SUPPLIED MATERIAL:
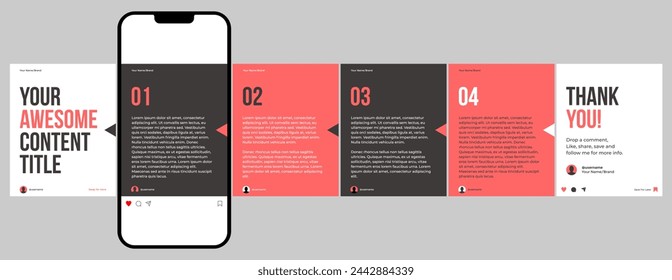 Microblog or carousel post template design for social media. Six page in portrait frame, seamless, minimalist style with white, black and red colors theme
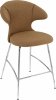 Umage TIME FLIES Hoker - Tapicerowane Krzesło Barowe na Chromowanych Nogach 102 cm / Ciemnoszare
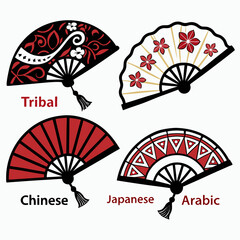 Collection of four decorative folding fans featuring distinct cultural designs including tribal japanese chinese and arabic patterns with tassels and vibrant colors on a white background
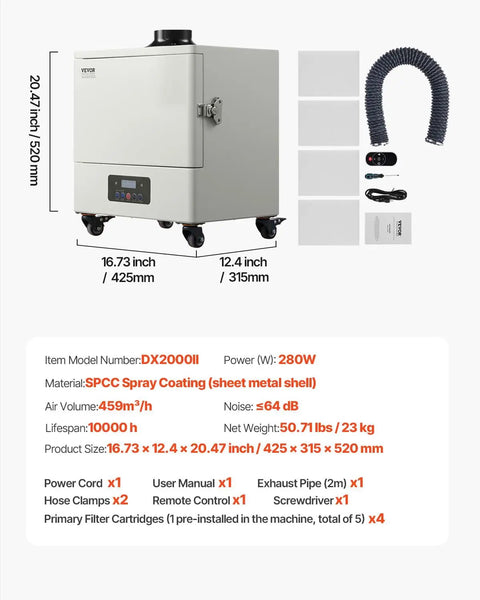 Heavy Duty Solder Fume Extractor Delivering Beast Mode Suction Power With Four Stage Filtration And Wireless Remote Control, 20.47x12.4x16.73 in.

WORK ORDER: Please write out the material from the line containing "Collection of four" to its final line, both inclusive, exactly as it appears; pictures are not part of the copy.

SOLUTION BELOW:
 Collection of four decorative folding fans featuring distinct cultural designs including tribal japanese chinese and arabic patterns with tassels and vibrant colors on a white background
 Heavy Duty Solder Fume Extractor Delivering Beast Mode Suction Power With Four Stage Filtration And Wireless Remote Control, 20.47x12.4x16.73 in.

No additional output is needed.